Леня пытался петь советские бравурные песни, однако Лоле они почему-то бодрости не прибавляли и сон не прогоняли. Пытался он также привлечь на свою сторону Пу И – очаровательного песика породы чихуахуа, в которого Лола вложила весь свой нерастраченный запас нежности и любви. Пу И быстро сдался – в этом вопросе даже ему было с Лолой не совладать.

На самый крайний случай оставался последний, довольно жестокий, способ: хватать Лолу в охапку и тащить в ванную, где пихать под холодный душ прямо в пижаме. Однако Леня, как человек трезвомыслящий, понимал, что этот метод можно применить только один-единственный раз. После такого издевательства Лола, конечно, проснется, но немедленно разорвет с ним всяческие отношения.

Вы спросите: отчего Маркиз не применял к пробуждению своей подруги такой простой способ, как будильник? Я вас умоляю, как говорят в Одессе! Он покупал будильники десятками. Электронные и механические, настенные и настольные, встроенные в торшер и впаянные в браслет наручных часов. Разных размеров и конфигурации, от стильного хай-тековского шарика на длинной металлической ножке до аляповатого пластмассового урода. Они звенели, пищали, щебетали птицами, играли классическую и популярную музыку.
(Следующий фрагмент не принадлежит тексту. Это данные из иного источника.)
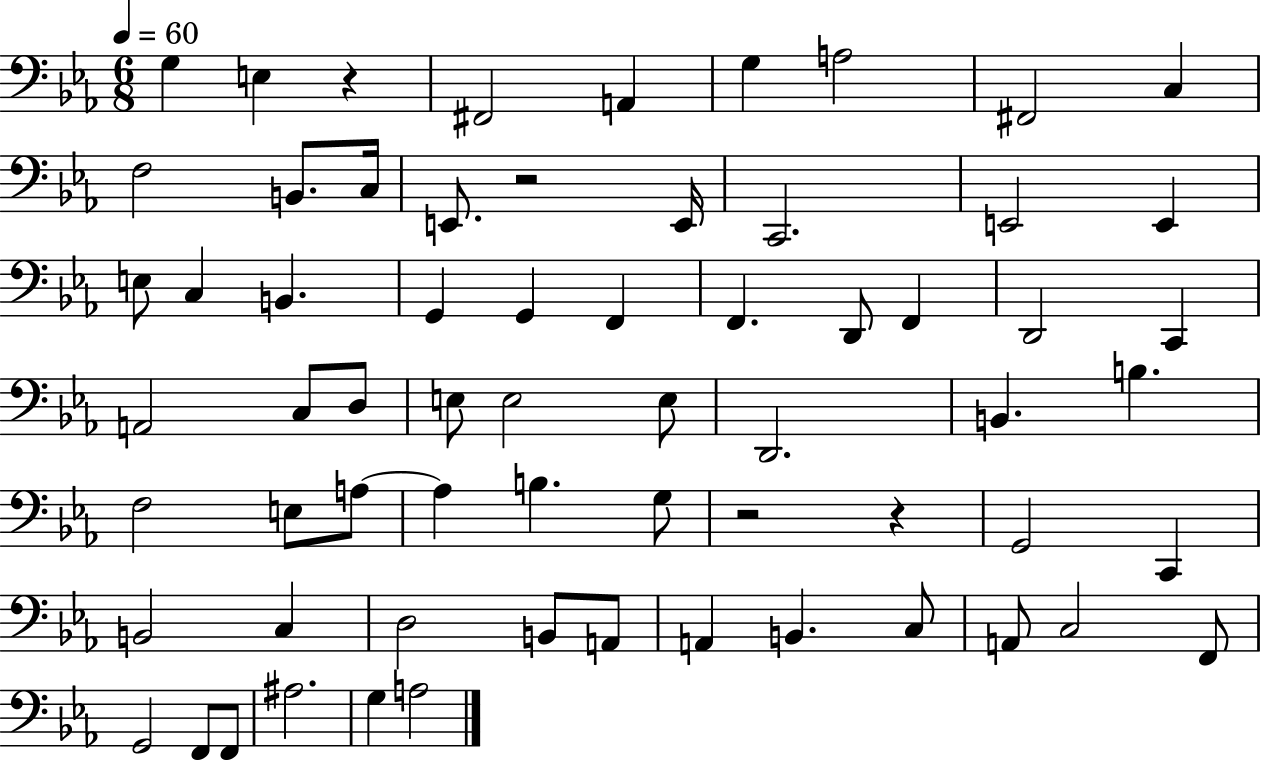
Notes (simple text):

G3/q E3/q R/q F#2/h A2/q G3/q A3/h F#2/h C3/q F3/h B2/e. C3/s E2/e. R/h E2/s C2/h. E2/h E2/q E3/e C3/q B2/q. G2/q G2/q F2/q F2/q. D2/e F2/q D2/h C2/q A2/h C3/e D3/e E3/e E3/h E3/e D2/h. B2/q. B3/q. F3/h E3/e A3/e A3/q B3/q. G3/e R/h R/q G2/h C2/q B2/h C3/q D3/h B2/e A2/e A2/q B2/q. C3/e A2/e C3/h F2/e G2/h F2/e F2/e A#3/h. G3/q A3/h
Ничего не помогало. Лола наваливала на будильники подушки, била их об стенку и выбрасывала в окно. Один будильник исполнял Государственный гимн России, но аполитичная и несознательная Лолка и не думала вставать.

И вот когда Леня не то чтобы окончательно пал духом, но несколько утомился, на глаза ему попался в одном магазинчике очень интересный экземпляр…

– Дорогая, – самым невинным голосом сказал Маркиз, протягивая Лоле коробку, – я принес тебе подарок.

– С чего это вдруг? – подозрительно осведомилась Лола. – С какой такой радости?

– Ну-у… просто так, от чистого сердца… – проговорил Леня, глядя на свою подругу кроткими, прямо-таки голубиными глазами.

И хотя Лола прекрасно знала, что от Леньки можно ожидать любого подвоха, она развязывала нарядную коробку с детским предвкушением подарка.

– Что это?

В коробке лежало нечто круглое и пушистое, по форме отдаленно напоминающее незабвенного Чебурашку, только уши у него были поросячьего ярко-розового цвета. На круглой морде были глаза, рот и жиденькие волосики.